By having a solid structure, you give employees less wriggle room to bolt and run free with their own digital rhetoric.

#2 Create a Hub of Shareable Content

As part of your social media policy, you could create a hub of sharable content pre-approved by a team of content moderators. This can be shared by employees and will guide them on what content they should be using, preventing malpractice and sabotage. Anything miscellaneous will stand out like a sore thumb.

#3 Implement Social Listening

Content marketing is a fast-paced world. It’s important to stay on the ball just in case you have to handle negative PR. This could come from an outside source – or someone in-house. Social listening tools such as Agorapulse will keep track of @mentions as well as comments on your posts to ensure negativity doesn’t slip through the net.

With such tools in place, disgruntled employees will have a more difficult time slipping in malicious posts – even from their own private accounts – without them being noticed.

#4 Have a Crisis Plan

Marketing is all about staying in the public eye – preferably for the right reasons. PR disasters can occur due to  employee sabotage.

So, what should you do when this happens? Well, refer to your crisis plan of course. Tips include:

  • Knowing exactly who can and should respond from the marketing/social media management response team
  • Drafting pre-approved and compliant statements to put on your social accounts while you research what happened. This should include a template for individual consumer comments as well as something more general as a status update.
  • Acknowledge the incident and be as honest as possible.
  • Limit further damage by contacting Twitter, Facebook or Linkedin to report a hack or to report a fake account impersonating your brand.

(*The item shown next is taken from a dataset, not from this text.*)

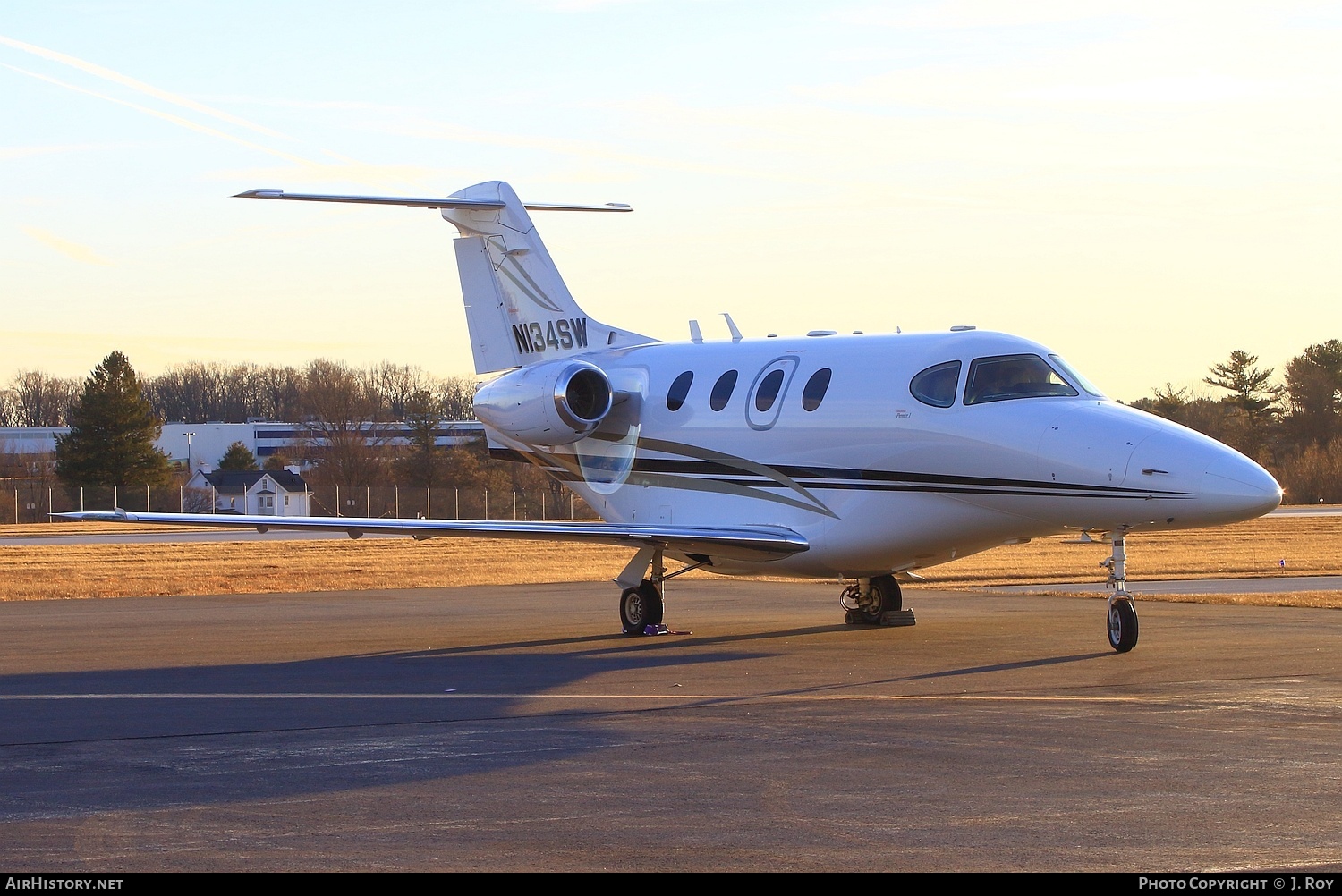 Aircraft Photo of N134SW | Raytheon 390 Premier I | AirHistory.net #784536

How to Avoid Theft of Leads and Marketing Data

Many employees leave a business to set up their own companies. So, your leads and data might look extremely tempting. As a business it’s really important to protect your own back – here’s how:

  • Create account checklists

Take note of all systems used by every single employee. When they leave, block access immediately. Don’t sit on it for a few days as a lot of damage can be done during this time.

  • Avoid group logins

These are often cheaper, but if an ex-employee decides to log in from home, they could steal confidential company information. Additionally, be selective about who has access to certain logins. For example, when I was social media manager at a large finance company it was just me and my boss. when he left, I changed the passes. It’s essential.

  • Say no to personal devices

Marketing data can be stored on personal devices. So, it’s best to have a strict company only storage space accessible only via company devices. Similarly blocking USB sticks and setting up system detection for emailed files can prevent theft.

  • Add your name to the company email list

Adding your own name and email to the company email list will tell you immediately if the data has been sold to another company. But of course, by then it is too late.

Treat Employees Well to Prevent Sabotage Attempts

Happy employees are less likely to cause damage to your business. So, be sure to look after the wellbeing of your staff. This could mean everything from staff incentives and bonuses to providing an effective stream of communication between employees and managers. Employers need to feel respected and listened to, so you could also do social media shout outs for good work, acknowledge staff that have taken part in corporate responsibility initiatives and so on.

If you have to fire an employee, even if they were at fault, it’s essential that you do so in a sensitive and legally correct manner. And make sure you maintain control of the accounts afterwards.

The risk of employee sabotage is less of an issue with an external agency who is not an employee. At my agency Contentworks, we ensure upmost protection for our clients and offer compliant content for all industries. If you do choose to outsource to an agency, keep an eye on who is being added as admin on your accounts and be sure to remove them when you part ways.